[Scraped caption text data]
________

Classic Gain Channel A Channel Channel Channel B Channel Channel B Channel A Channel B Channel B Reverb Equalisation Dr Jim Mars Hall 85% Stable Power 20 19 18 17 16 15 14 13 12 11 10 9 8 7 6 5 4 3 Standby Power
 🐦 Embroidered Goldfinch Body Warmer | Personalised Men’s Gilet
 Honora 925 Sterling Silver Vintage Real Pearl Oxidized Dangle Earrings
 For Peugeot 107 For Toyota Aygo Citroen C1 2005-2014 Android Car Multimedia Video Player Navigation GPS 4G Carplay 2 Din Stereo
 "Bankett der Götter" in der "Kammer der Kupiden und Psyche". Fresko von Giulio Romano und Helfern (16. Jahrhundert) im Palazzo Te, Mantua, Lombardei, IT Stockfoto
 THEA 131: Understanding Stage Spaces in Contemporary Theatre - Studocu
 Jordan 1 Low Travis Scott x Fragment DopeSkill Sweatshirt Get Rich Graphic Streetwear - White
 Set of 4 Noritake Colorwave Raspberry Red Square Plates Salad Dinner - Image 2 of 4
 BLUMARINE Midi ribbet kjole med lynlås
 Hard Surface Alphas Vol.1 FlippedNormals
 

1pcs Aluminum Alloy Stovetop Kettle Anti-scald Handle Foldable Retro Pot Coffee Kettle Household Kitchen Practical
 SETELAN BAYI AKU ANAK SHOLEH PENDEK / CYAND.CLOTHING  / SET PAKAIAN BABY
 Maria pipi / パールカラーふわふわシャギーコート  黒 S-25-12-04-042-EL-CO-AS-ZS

________

[AIM OF THE EXERCISE] Restate the records above in full, keeping each line exactly as it stands.

[SOLUTION TO THIS PROBLEM]
Classic Gain Channel A Channel Channel Channel B Channel Channel B Channel A Channel B Channel B Reverb Equalisation Dr Jim Mars Hall 85% Stable Power 20 19 18 17 16 15 14 13 12 11 10 9 8 7 6 5 4 3 Standby Power
 🐦 Embroidered Goldfinch Body Warmer | Personalised Men’s Gilet
 Honora 925 Sterling Silver Vintage Real Pearl Oxidized Dangle Earrings
 For Peugeot 107 For Toyota Aygo Citroen C1 2005-2014 Android Car Multimedia Video Player Navigation GPS 4G Carplay 2 Din Stereo
 "Bankett der Götter" in der "Kammer der Kupiden und Psyche". Fresko von Giulio Romano und Helfern (16. Jahrhundert) im Palazzo Te, Mantua, Lombardei, IT Stockfoto
 THEA 131: Understanding Stage Spaces in Contemporary Theatre - Studocu
 Jordan 1 Low Travis Scott x Fragment DopeSkill Sweatshirt Get Rich Graphic Streetwear - White
 Set of 4 Noritake Colorwave Raspberry Red Square Plates Salad Dinner - Image 2 of 4
 BLUMARINE Midi ribbet kjole med lynlås
 Hard Surface Alphas Vol.1 FlippedNormals
 

1pcs Aluminum Alloy Stovetop Kettle Anti-scald Handle Foldable Retro Pot Coffee Kettle Household Kitchen Practical
 SETELAN BAYI AKU ANAK SHOLEH PENDEK / CYAND.CLOTHING  / SET PAKAIAN BABY
 Maria pipi / パールカラーふわふわシャギーコート  黒 S-25-12-04-042-EL-CO-AS-ZS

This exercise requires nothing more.